CIRD40505 - Intangible assets: groups: degrouping: overview

CTA09/PART8/S780-787

Background

S780-S787 contain rules that apply where a company leaves a group and there has been an earlier transfer to it of assets on a tax-neutral basis. The rules are closely modelled on the CG degrouping rules, as they are aimed at the same potential problem. There is further background to these rules at CG45400 onwards.

Divergence from CG rules

One significant difference from the CG rules is that the CG rules contain provisions whereby a degrouping calculation is necessary not only where an asset, transferred on no gain/no loss terms is held by a company leaving a group, but also in a further set of circumstances. That is where the asset held by the company leaving the group is not the asset transferred but another asset into which a gain on the original asset has been rolled over when it was disposed of outside the group. There is no equivalent rule for the intangible asset degrouping adjustment.

Problem to be tackled

In general the rules for tax-neutral intra-group transfers of chargeable intangible assets would give a group the opportunity to avoid a charge on the disposal of intangible assets which if sold separately would result in a recognition of a taxable gain.

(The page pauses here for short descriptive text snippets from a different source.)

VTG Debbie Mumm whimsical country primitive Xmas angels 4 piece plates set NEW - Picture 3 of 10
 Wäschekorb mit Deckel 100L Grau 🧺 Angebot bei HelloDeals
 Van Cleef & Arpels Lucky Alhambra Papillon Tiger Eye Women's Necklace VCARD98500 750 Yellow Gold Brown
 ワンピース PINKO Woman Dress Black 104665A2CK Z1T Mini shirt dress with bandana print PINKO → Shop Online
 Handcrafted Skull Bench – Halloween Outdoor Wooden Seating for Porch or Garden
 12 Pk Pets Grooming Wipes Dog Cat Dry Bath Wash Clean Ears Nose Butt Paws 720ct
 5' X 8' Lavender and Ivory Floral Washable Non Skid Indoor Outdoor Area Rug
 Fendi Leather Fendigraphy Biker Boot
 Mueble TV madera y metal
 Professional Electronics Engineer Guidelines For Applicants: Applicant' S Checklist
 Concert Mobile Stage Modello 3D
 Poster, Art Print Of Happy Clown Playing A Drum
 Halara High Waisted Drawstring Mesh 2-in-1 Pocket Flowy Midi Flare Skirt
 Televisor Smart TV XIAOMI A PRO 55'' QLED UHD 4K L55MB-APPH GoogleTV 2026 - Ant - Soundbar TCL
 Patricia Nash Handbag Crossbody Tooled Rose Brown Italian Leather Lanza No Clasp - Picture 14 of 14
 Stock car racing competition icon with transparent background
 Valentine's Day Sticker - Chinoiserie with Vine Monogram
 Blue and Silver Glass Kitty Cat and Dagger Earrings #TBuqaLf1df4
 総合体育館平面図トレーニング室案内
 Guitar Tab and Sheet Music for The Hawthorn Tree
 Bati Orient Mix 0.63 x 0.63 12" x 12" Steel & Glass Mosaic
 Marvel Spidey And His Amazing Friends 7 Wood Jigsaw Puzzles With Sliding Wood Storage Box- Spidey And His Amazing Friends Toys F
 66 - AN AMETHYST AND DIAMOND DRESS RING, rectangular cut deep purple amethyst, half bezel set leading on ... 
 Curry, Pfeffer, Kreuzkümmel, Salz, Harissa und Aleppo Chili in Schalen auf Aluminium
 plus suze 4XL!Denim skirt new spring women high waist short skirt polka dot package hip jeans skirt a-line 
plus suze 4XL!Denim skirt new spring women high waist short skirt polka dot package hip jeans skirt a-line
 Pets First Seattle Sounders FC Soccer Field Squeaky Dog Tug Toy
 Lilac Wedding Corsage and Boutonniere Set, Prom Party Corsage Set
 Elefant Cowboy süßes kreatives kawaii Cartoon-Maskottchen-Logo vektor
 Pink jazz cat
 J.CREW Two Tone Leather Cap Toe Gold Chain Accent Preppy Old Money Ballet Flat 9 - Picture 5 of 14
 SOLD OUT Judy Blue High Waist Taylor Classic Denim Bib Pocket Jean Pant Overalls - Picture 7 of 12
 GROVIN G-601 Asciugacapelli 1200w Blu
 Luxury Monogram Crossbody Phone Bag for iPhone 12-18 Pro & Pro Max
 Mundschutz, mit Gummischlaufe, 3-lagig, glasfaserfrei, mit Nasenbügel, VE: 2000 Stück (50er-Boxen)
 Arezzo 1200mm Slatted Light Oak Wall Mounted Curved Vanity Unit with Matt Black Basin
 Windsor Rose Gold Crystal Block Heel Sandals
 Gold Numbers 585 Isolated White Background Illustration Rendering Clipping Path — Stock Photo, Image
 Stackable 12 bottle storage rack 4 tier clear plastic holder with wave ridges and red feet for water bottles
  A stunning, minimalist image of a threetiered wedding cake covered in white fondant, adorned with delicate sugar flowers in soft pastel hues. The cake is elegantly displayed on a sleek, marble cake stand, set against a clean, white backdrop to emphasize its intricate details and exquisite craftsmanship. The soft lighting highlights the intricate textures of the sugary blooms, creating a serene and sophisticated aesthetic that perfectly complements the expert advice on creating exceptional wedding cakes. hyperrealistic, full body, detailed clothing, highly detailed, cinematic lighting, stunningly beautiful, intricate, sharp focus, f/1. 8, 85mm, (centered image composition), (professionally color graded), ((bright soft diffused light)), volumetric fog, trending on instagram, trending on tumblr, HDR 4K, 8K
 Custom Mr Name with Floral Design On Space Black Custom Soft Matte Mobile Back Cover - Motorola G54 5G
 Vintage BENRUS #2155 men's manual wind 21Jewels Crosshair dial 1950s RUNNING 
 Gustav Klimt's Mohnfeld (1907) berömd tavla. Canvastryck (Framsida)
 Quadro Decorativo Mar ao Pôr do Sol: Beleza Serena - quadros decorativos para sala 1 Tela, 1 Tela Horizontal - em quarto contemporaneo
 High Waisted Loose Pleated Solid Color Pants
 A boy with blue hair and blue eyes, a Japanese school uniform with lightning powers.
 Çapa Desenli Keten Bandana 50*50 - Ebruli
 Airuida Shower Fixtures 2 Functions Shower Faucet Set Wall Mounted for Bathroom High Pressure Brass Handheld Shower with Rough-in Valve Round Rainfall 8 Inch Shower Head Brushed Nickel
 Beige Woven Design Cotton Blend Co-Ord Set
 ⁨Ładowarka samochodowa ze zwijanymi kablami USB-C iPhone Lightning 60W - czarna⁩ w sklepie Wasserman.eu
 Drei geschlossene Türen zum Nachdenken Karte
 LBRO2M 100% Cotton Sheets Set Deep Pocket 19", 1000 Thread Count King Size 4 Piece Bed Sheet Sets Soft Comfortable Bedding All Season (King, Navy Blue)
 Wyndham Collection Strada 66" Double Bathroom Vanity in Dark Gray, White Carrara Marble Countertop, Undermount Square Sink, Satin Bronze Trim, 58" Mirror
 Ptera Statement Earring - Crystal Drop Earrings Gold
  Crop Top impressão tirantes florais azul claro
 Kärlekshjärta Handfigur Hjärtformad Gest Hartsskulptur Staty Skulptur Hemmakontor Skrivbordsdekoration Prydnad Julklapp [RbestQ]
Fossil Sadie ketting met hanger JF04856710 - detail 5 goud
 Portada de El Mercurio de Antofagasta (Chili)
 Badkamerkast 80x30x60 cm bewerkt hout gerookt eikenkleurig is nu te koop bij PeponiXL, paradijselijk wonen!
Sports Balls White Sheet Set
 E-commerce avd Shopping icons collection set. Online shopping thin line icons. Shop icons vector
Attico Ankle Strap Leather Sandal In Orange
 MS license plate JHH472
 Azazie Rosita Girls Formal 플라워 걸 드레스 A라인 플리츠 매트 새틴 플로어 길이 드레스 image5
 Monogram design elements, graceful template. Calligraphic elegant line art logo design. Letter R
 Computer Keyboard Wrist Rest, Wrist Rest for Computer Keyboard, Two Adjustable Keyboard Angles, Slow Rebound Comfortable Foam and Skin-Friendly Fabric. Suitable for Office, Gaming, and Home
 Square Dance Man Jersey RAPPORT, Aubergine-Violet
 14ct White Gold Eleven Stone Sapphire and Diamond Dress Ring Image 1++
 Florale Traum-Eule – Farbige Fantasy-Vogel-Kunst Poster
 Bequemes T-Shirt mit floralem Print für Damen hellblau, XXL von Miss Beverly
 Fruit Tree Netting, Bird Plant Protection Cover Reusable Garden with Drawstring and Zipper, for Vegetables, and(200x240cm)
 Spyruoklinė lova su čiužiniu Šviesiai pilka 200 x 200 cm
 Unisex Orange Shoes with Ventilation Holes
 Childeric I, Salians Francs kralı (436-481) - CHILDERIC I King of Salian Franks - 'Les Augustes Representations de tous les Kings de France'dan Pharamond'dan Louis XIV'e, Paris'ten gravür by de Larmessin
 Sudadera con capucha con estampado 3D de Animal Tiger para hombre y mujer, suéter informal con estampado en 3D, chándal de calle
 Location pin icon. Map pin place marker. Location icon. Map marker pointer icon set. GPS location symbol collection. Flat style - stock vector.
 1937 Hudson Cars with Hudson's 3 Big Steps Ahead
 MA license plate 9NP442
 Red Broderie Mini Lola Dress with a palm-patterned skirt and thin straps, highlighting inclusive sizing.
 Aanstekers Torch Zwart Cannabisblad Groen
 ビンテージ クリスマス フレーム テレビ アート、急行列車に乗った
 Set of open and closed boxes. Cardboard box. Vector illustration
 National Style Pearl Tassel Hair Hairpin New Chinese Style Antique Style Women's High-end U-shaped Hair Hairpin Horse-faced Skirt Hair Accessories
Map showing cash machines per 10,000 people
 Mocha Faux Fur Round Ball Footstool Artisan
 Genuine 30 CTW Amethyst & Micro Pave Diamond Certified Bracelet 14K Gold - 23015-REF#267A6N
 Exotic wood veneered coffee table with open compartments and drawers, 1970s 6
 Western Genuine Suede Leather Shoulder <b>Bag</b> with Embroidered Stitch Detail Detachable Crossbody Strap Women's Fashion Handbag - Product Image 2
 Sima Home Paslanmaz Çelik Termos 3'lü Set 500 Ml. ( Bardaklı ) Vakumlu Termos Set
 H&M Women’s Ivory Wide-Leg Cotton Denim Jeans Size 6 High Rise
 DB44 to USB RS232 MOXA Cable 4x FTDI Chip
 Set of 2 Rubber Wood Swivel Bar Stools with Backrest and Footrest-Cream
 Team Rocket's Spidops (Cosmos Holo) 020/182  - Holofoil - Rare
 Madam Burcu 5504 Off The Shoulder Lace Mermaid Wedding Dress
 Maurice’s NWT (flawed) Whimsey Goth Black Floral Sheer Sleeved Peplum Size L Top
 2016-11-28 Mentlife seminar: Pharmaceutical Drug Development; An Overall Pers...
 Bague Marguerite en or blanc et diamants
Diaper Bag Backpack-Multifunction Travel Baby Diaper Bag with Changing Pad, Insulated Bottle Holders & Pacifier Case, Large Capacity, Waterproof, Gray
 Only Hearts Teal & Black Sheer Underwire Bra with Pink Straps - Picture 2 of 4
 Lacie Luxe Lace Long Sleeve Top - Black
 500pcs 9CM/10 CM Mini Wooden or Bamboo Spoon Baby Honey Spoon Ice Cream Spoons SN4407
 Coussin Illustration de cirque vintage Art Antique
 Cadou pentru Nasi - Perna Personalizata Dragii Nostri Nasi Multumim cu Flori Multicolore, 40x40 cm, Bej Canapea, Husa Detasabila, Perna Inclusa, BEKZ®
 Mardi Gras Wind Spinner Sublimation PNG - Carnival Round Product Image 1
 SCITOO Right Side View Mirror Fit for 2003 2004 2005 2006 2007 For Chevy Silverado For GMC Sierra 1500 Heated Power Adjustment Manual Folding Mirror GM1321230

In the absence of corrective measures, the group could achieve this by tax free asset transfers within the group to a shell company, as a preliminary to a disposal of the shares in the shell company which then owns the assets. This is an arrangement commonly referred to as ‘enveloping’ or ‘the envelope trick’.

Enveloping in its simplest form consists in a company transferring an asset on tax neutral terms to a wholly owned subsidiary in consideration for a new issue of shares, and then selling the shares to a third party. For CG purposes the company acquires the newly issued shares in the subsidiary at their market value, which reflects the value of the underlying asset. In the absence of a special rule, there would be no chargeable gain on an immediate third party sale of the shares in circumstances where a substantial intangible asset gain would have resulted from a direct sale of the underlying asset.

Where valuation of intangible assets is an issue see CIRD10240.